Putnam forged 250 petals and leaves of a much heavier iron for a pair of gates that hang in the National Cathedral in Washington. The ornate Folger Gate, installed in 1995, frames the entryway to the columbarium in the Chapel of St. Joseph of Arimathea. Nearby hangs Putnam’s Brown Gate, and behind that the ashes of ambassadors and bishops, architects and musicians, but also those of Helen Keller and her caregiver, Annie Sullivan.
“It’s a beautiful building, but it’s a little overwhelming to think about being there,” he says.
He got the job through word of mouth, and began work with nothing more than a handshake. For the next year and a half he worked – 1,200 hours of forming flowers and forging the frame. The pistil on each flower and the rivets that connect the crosspieces are all different; one depicts the face of Yoda from Star Wars.
The gates had to meet specifications for how they hung in the arched entryway, and they had to open and close, and latch smoothly. Beyond those parameters Putnam was free to design to his own vision.

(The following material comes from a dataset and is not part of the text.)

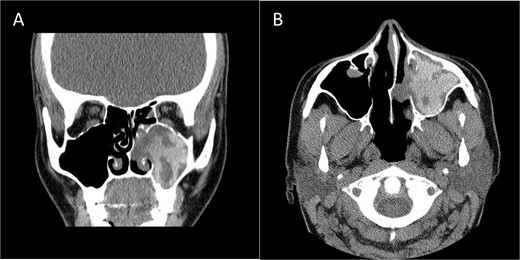 Coronal (A) and axial (B) CECT scan images showing left complete maxillary sinus heterogenous opacification.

“I was just really fortunate – that I was given the chance and that I could rise to the occasion,” he says. “Fortunately, I think it’s some of the best work I ever did.” The gates are considered to be part of the fabric of the building, the things that give life to the structure: the stone carvings, the windows, the tapestries, the ironwork – everything that gives it texture.
He was hired by Canon Richard T. Feller, the longtime and well-known Clerk of the Works – chief administrator in charge of all construction and artwork for the cathedral, the sixth-largest in the world.
“He was a serious man who took his work very seriously and demanded that everybody else do the same,” Putnam says. “It made him sometimes difficult to work with. I didn’t particularly have a problem with it, but he held your nose to the grindstone in order to get your best work, and it was a valuable lesson.”
In the midst of that work, another office of the cathedral called. Former President Gerald Ford was ill, and if he died he would come to the cathedral to lie in state, yet all the cathedral owned were four “tacky, wobbly wooden candlesticks,” Putnam says. “They called me up, desperate, and said, ‘Please please, we need this immediately!’ ”
There are few emergencies in artisanal blacksmithing, nor can things easily be rushed. Luckily, President Ford did not die at that time, but the candlesticks, tall and simple and reflective of some of the patterns in the stonework, still stand sentinel.
Putnam pulls the leaf from the fire and holds it on the forward-pointing cone of the anvil. He taps the metal with his hammer, twisting the leaf until it looks blown by the wind. Then he positions a chisel-like hardy upright in the tool slot of the anvil, lays the leaf’s stem across the hardy’s edge and takes four solid whacks, slicing nearly through the stem. It is poor form, he says, to cut all the way through and send the hot metal shooting across the shop. Years ago a piece broke loose and whacked him on the head and knocked him out cold.
He clamps the leaf to a workbench and uses a screaming electric grinder to blunt the sharp edge, then holds the leaf and a stamp of his initials under the head of a foot-powered hammer – a tool invented in Michelangelo’s day – and stomps, impressing his initials into the stem, then buffs the leaf with a spinning wheel of wire bristles. Last, he paints it with his homemade elixir of turpentine, linseed oil and beeswax, and buffs it dry.
“Now imagine doing all those steps to every component of the cathedral gate,” he says, as he holds up the completed leaf.
“Patience is a virtue,” he says, his voice as cadenced as his hammer, “seldom in a woman … never in a man … but always in a blacksmith.”